Wow! Have I ever been busy. First we went to Las Vegas, then we were home a couple of days in which I had another Herceptin treatment and then we went to Orlando (I'm actually still in Orlando and am writing this on Scott's computer at his college).
So, Vegas. It was great. We stayed at the Mandalay Bay Hotel. It's a beautiful hotel. When we checked in they gave us a room on the third floor that overlooked a cement wall. I called down and told them that although the room is lovely I really would like a better view so they moved us to the 23rd floor with a great view of the strip. On Saturday we must have walked 5 - 8 miles. For anyone who knows Vegas we walked all the way from the Mandalay, through Luxor, through Excaliber, through New York New York and all the way down to Caesar's Palace. We just meandered all the way down and saw the Water Show at Bellagio, too. The rest of the time we ate and drank way too much. Saw Wayne Brady, who was just ok. Did a little betting and broke even. It was fun.

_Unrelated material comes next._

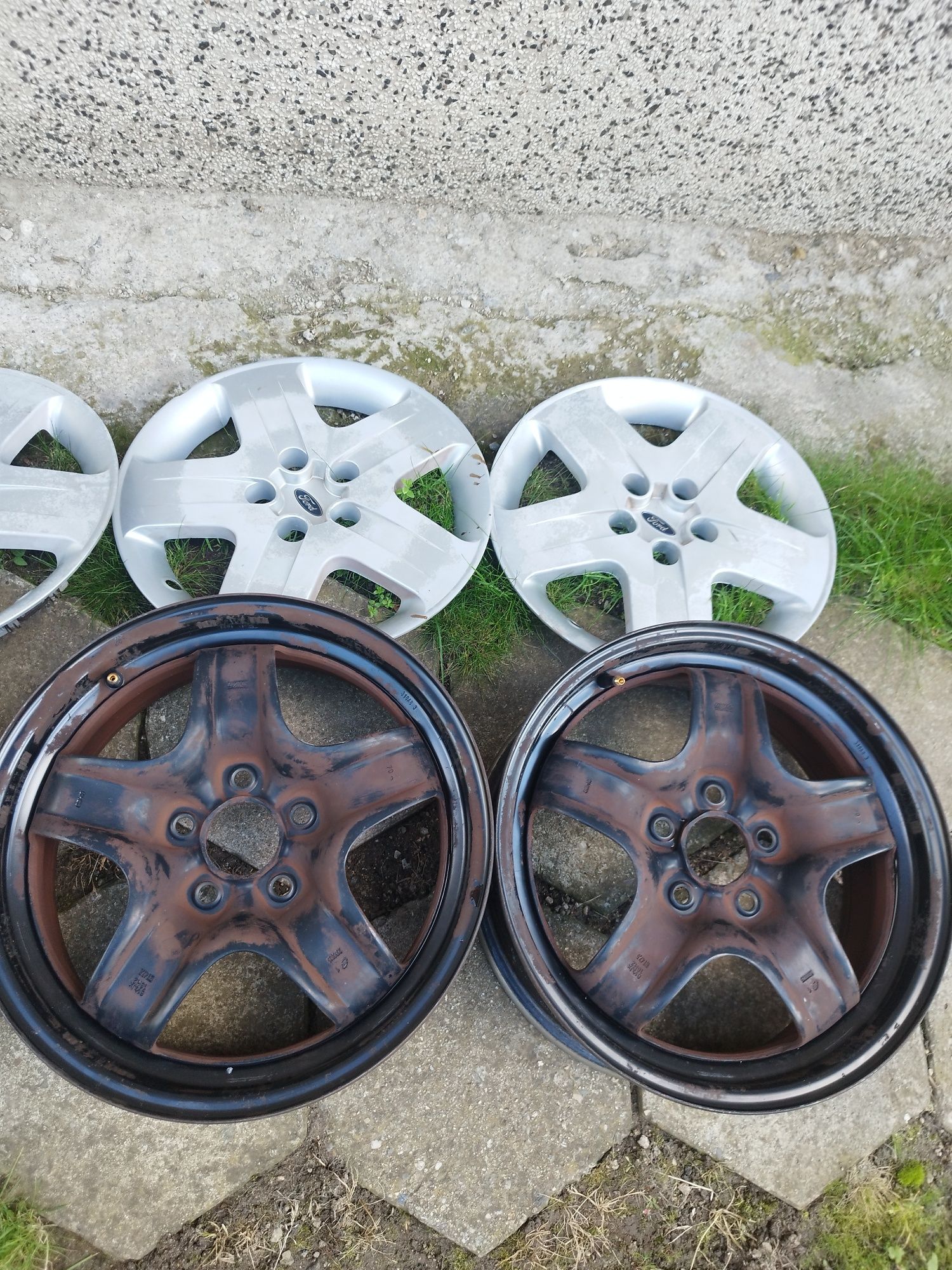 Оригинални джанти 16 цола 5*108 за Ford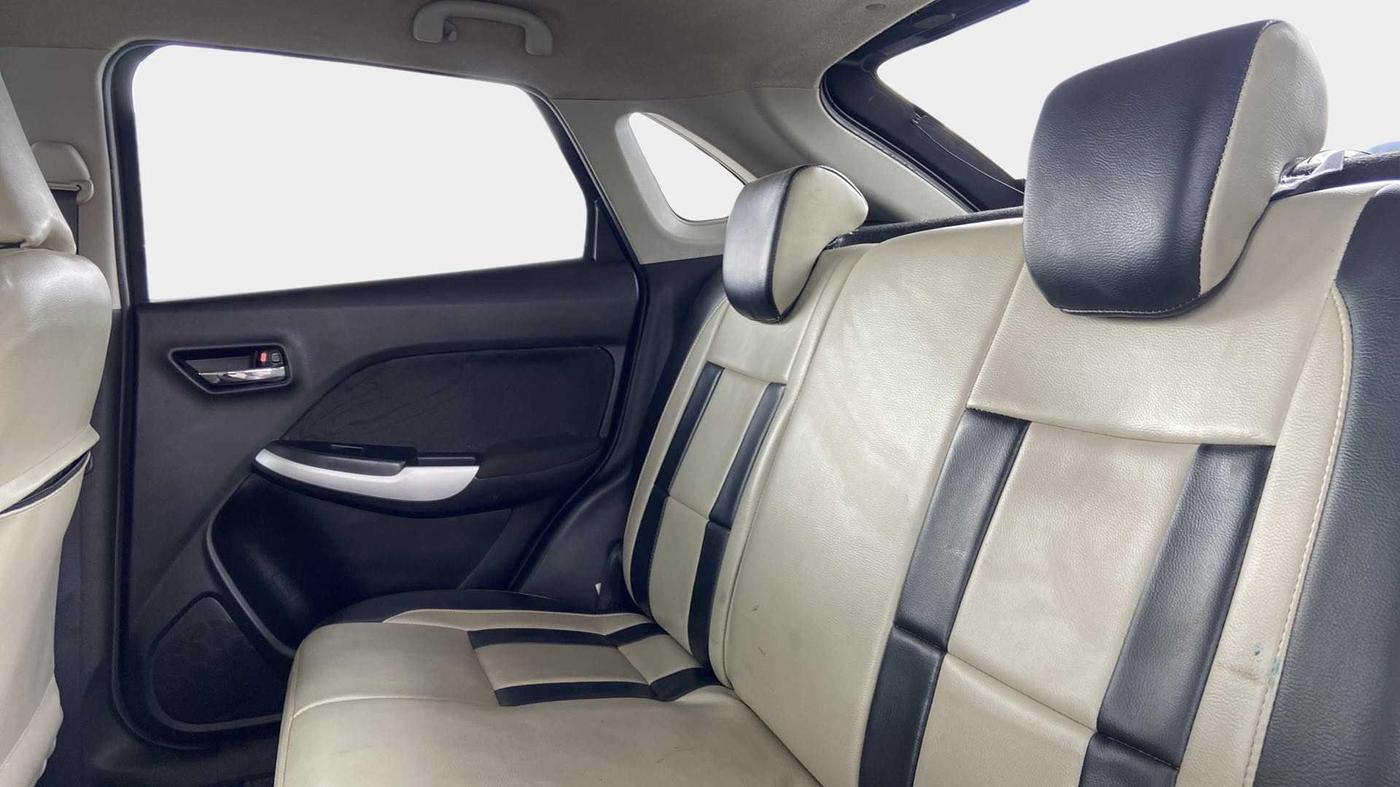 2015 Maruti Baleno DELTA PETROL 1.2, Petrol, Manual, 48,078 km, Right Side Rear Door Cabin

Then, we came home on Wednesday night on the redeye. I hate flying and flying on a redeye in coach is just not pleasant. At least we had exit row seating but still, I just don't sleep well on planes. Andrew? Out like a fricking light as soon as the plane takes off. I guess, because he travels so much, that his body is just used to doing that. I know that when he flies to Europe he flies over night and then goes into the office the next morning. Sometimes straight from the airport, I think. Anyway, he just goes right to sleep and I sat there watching his head bob for a while and got mad at him for being able to sleep and then watched some tv and then finally got to sleep just in time to wake up for our changeover in Atlanta. Ugh. Needless to say I slept most of Thursday.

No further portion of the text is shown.